- Work task: Copy out exactly the lines below that run from the one holding "Middle Farm Solution" to the one holding "New 2026 Toyota", keeping both of those lines and no others.

- Data for review:
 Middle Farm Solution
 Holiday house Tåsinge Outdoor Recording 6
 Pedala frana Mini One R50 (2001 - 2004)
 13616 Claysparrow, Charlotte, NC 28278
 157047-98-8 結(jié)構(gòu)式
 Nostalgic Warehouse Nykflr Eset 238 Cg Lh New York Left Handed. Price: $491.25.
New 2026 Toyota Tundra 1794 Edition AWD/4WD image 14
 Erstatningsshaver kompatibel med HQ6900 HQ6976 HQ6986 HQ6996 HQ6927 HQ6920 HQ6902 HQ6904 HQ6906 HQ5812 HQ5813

* * *

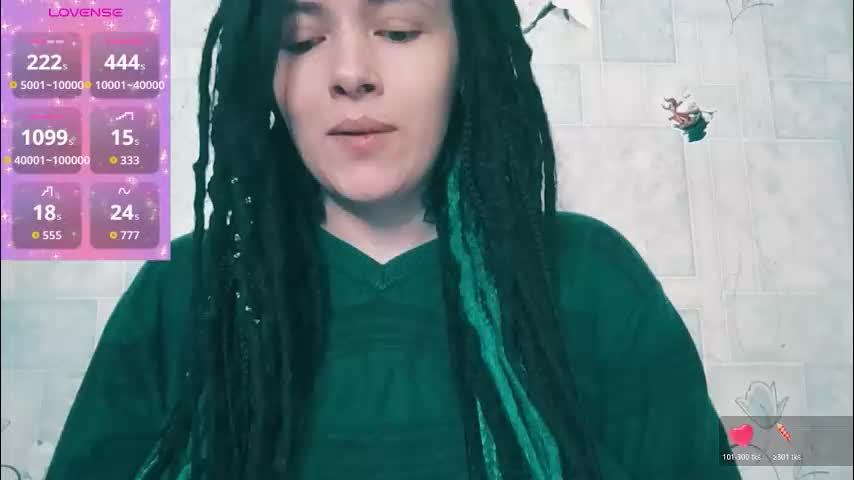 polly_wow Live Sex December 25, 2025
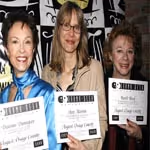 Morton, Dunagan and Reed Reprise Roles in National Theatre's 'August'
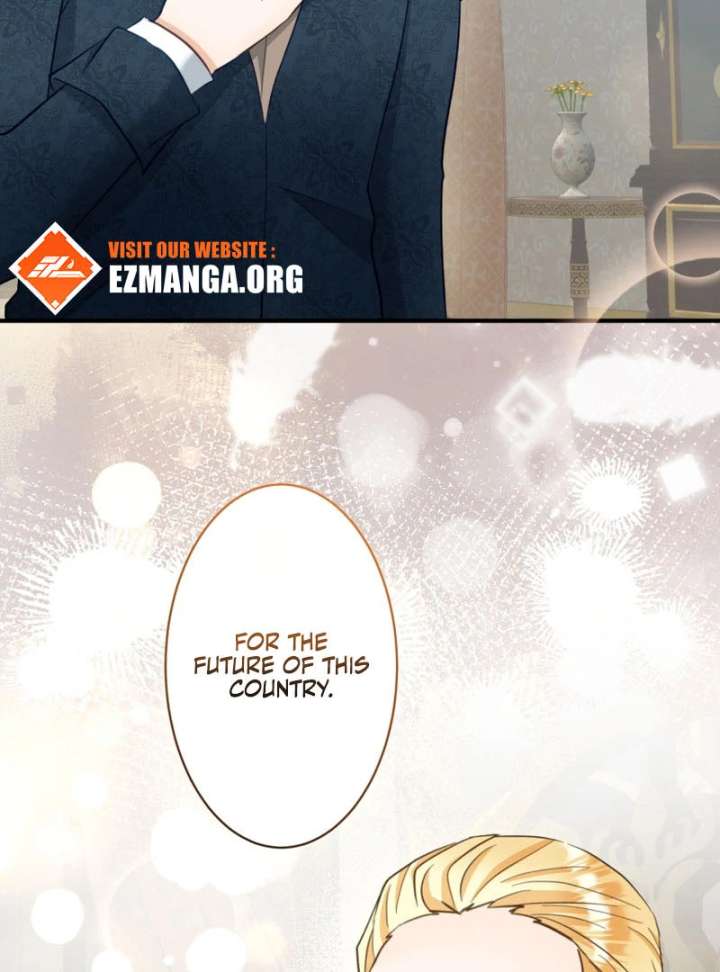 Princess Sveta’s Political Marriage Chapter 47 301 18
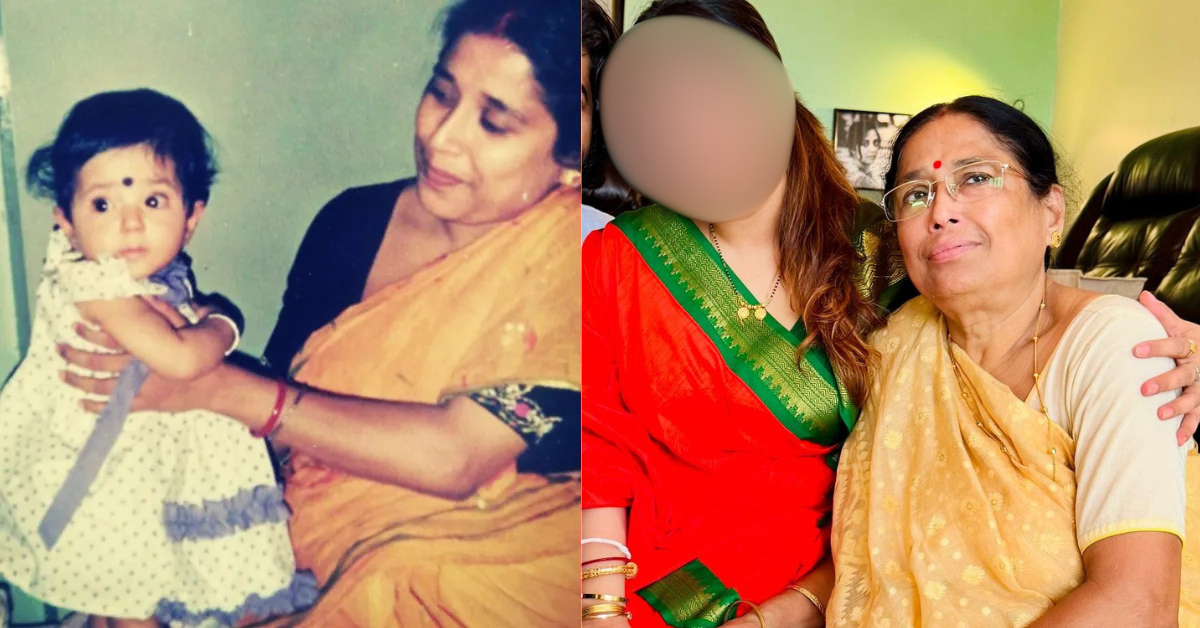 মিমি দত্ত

- Solution to the exercise:
 Middle Farm Solution
 Holiday house Tåsinge Outdoor Recording 6
 Pedala frana Mini One R50 (2001 - 2004)
 13616 Claysparrow, Charlotte, NC 28278
 157047-98-8 結(jié)構(gòu)式
 Nostalgic Warehouse Nykflr Eset 238 Cg Lh New York Left Handed. Price: $491.25.
New 2026 Toyota Tundra 1794 Edition AWD/4WD image 14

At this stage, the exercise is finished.